Traditional encryption worked with what is called a “single key”–for instance, replacing every letter with the one that occurs three later in the alphabet (Caesar, distrusting his messengers, reportedly used this key). This key, or code, both encrypted and decrypted a message, and the fact that it did both was also the Achilles heel of these systems; before use, the key had to be transmitted over a secure channel from one party to the other. Put the codebook in a self-destructing briefcase, handcuff it to Maxwell Smart, and send him off. With the code delivered, both parties could communicate over an insecure channel like the airwaves. Interception of the codebook, however, meant a complete loss of security; anyone with the book could instantly descramble a communication. This was the situation in World War II, and it’s as obsolete as the rotary phone.
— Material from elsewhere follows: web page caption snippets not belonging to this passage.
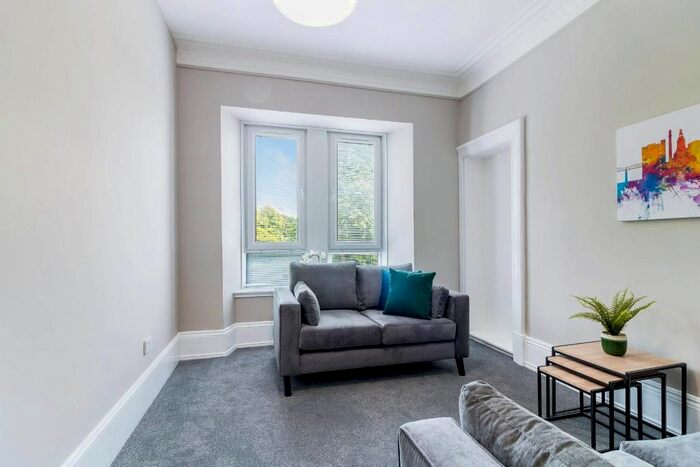 2 Bedroom Flat To Rent In Baxter Park Terrace, Stobswell, Dundee, DD4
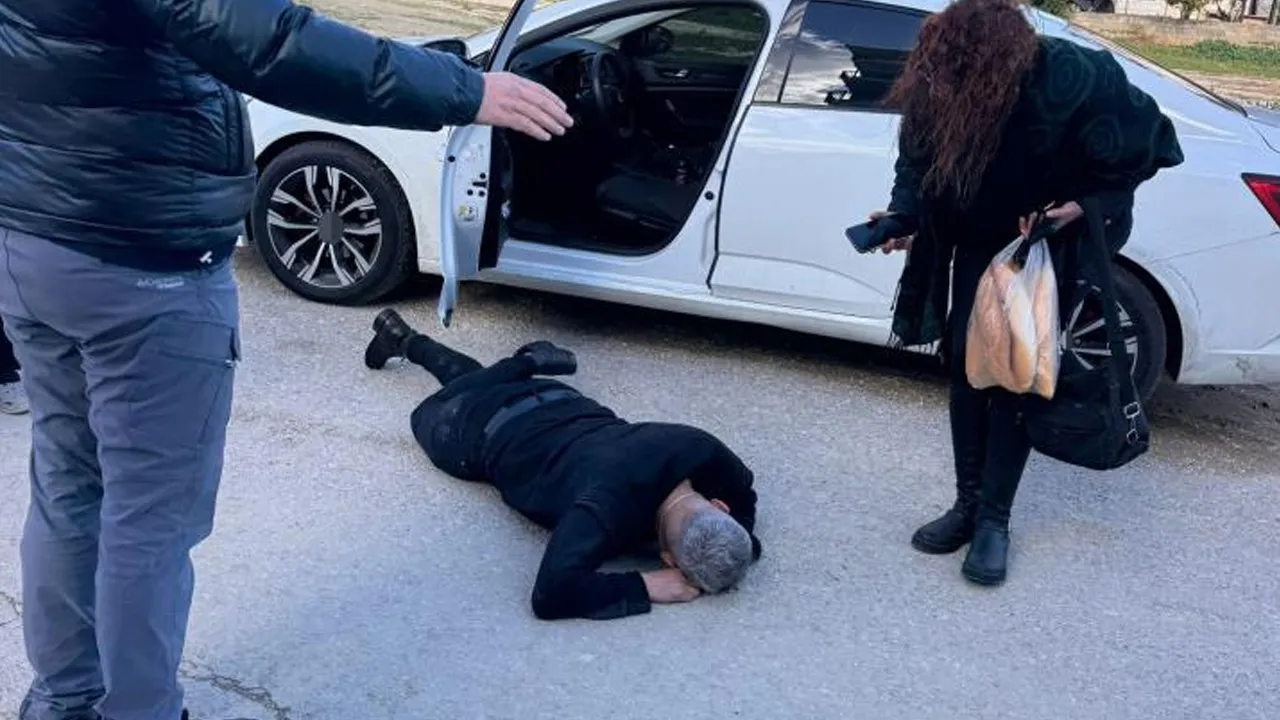 Seyir halindeki otomobile kurşun yağdırdılar! 1 yaralı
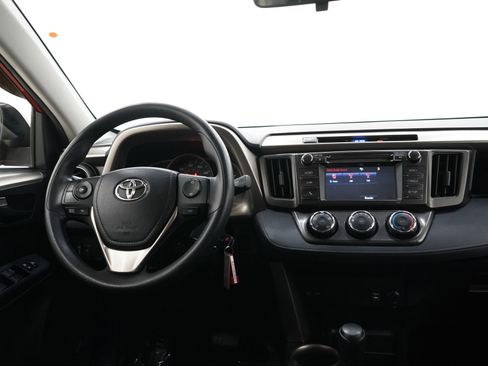 Used 2015 Toyota RAV4 LE image 14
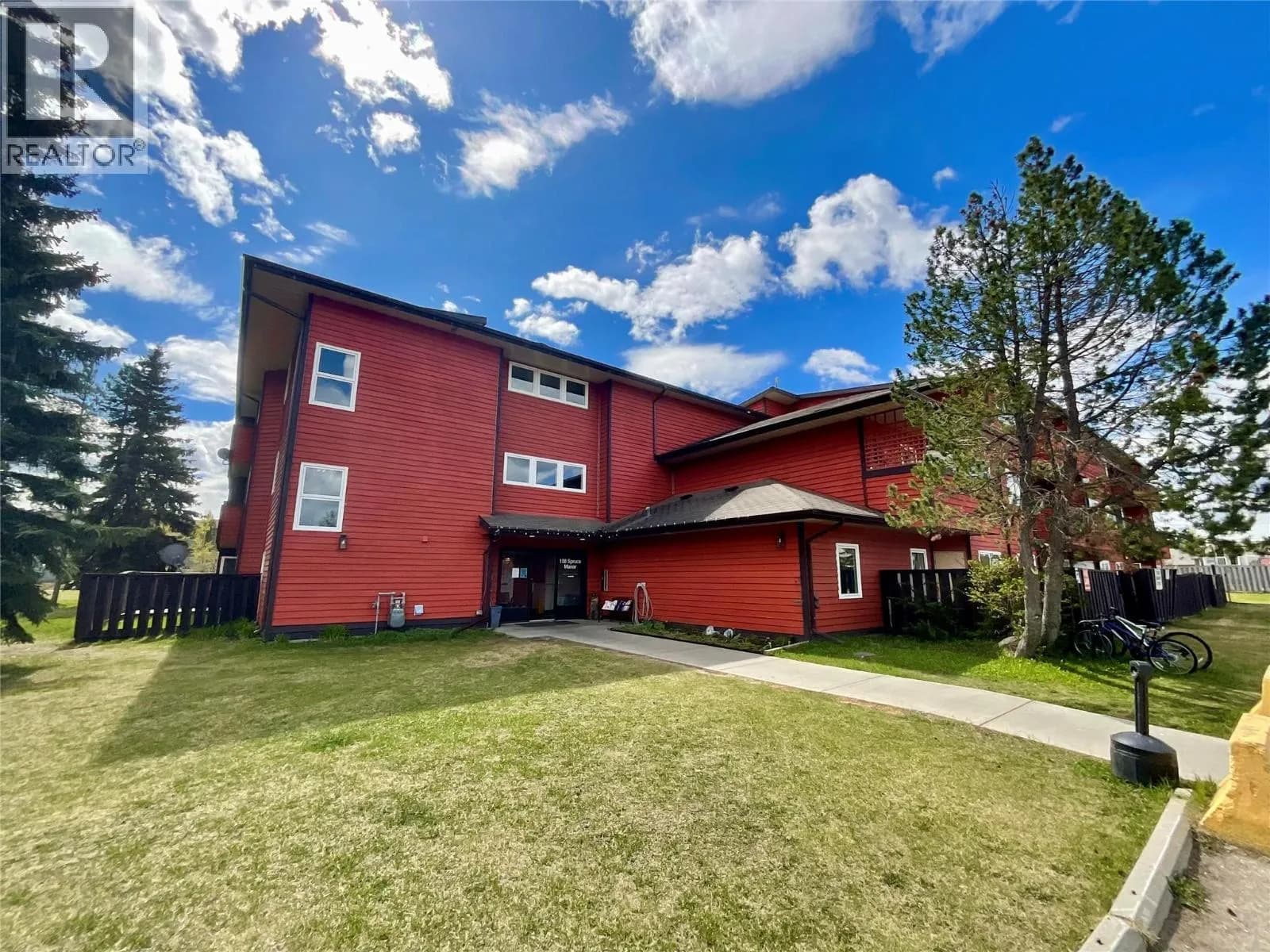 108 Spruce Avenue, Tumbler Ridge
Now while it’s probably true that no one cares about your silly E-mail musings to your college friends in California, subverting the government is always good for the soul, and you never know when you might run for office. Besides, you can pick up PGP for free on the ‘net, from numerous FTP sites and bulletin boards. It’s available for Macintosh, MS-DOS, Amiga, Unix, and VMS. Find a coconspirator to try it out with you. I picked up a copy for my Mac from soda.berkeley.edu/pub/cypherpunks/pgp. It comes with a text file explaining how to use it; read it while you’re downloading the PGP program itself, which will take about 15 minutes on a slow modem. If you’ve downloaded stuff before, you know the routine; you’ll have to uncompress the file before using it.